[Start of section]
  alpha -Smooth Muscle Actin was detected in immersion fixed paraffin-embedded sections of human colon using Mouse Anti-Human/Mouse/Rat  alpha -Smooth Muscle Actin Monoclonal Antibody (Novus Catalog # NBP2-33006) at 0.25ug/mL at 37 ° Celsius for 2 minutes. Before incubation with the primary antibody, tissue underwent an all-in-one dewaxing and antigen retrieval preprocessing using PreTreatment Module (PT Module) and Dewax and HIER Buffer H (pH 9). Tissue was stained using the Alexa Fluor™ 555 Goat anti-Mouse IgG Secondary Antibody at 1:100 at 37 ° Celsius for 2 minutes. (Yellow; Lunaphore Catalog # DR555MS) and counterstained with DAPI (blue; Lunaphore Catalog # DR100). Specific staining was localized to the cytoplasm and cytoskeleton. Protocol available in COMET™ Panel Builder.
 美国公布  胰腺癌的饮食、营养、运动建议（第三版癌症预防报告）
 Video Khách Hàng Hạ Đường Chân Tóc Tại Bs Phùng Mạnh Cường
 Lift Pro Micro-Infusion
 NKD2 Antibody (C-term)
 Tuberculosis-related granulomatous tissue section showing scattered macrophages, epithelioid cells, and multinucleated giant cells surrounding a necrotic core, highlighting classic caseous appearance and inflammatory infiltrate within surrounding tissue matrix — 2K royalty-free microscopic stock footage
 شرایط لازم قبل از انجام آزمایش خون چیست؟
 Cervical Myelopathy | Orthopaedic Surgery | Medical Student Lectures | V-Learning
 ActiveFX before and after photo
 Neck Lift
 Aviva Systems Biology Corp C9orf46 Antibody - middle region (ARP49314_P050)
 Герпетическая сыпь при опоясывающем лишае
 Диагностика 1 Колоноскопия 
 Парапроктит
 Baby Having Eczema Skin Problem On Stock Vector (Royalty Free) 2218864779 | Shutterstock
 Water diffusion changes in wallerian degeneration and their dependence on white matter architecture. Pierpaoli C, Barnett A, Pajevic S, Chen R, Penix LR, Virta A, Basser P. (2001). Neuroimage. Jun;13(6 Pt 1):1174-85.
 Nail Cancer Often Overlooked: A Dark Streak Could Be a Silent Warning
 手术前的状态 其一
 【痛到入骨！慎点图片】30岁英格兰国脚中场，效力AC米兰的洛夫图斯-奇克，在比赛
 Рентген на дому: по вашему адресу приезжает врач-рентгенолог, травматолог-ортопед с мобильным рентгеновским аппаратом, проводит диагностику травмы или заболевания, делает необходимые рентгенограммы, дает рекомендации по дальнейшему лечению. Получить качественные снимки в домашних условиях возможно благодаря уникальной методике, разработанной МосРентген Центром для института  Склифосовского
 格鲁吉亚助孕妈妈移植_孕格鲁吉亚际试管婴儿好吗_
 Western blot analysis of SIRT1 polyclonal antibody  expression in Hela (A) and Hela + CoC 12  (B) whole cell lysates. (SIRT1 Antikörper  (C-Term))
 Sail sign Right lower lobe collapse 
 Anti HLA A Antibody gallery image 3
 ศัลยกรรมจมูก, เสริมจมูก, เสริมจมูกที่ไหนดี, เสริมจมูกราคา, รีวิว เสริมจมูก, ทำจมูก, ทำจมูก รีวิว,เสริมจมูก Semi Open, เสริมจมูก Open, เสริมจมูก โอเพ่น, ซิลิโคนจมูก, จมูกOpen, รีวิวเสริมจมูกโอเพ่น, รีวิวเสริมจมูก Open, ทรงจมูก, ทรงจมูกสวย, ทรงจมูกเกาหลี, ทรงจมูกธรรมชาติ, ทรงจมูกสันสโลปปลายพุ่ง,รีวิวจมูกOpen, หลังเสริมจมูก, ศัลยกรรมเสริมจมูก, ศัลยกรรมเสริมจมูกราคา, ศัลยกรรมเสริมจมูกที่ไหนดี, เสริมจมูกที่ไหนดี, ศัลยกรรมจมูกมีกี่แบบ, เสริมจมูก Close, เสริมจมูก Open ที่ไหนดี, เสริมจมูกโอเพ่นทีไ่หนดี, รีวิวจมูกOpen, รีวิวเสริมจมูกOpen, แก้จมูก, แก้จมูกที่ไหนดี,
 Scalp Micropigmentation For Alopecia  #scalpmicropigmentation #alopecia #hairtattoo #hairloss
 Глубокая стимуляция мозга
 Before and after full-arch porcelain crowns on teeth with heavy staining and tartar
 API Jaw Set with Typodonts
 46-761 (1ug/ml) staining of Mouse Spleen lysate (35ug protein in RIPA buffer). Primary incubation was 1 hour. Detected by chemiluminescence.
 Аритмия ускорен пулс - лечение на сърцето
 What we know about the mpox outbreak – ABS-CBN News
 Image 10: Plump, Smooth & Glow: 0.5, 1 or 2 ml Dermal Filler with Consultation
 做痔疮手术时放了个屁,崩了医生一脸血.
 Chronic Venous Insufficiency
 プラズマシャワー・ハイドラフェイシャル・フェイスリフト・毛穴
[End of section]
**INSTRUCTIONS FOR THE TASK**
Lines in the data that include the word "after" should all be copied.

**SOLUTION TO THE EXERCISE**
 ActiveFX before and after photo
 Before and after full-arch porcelain crowns on teeth with heavy staining and tartar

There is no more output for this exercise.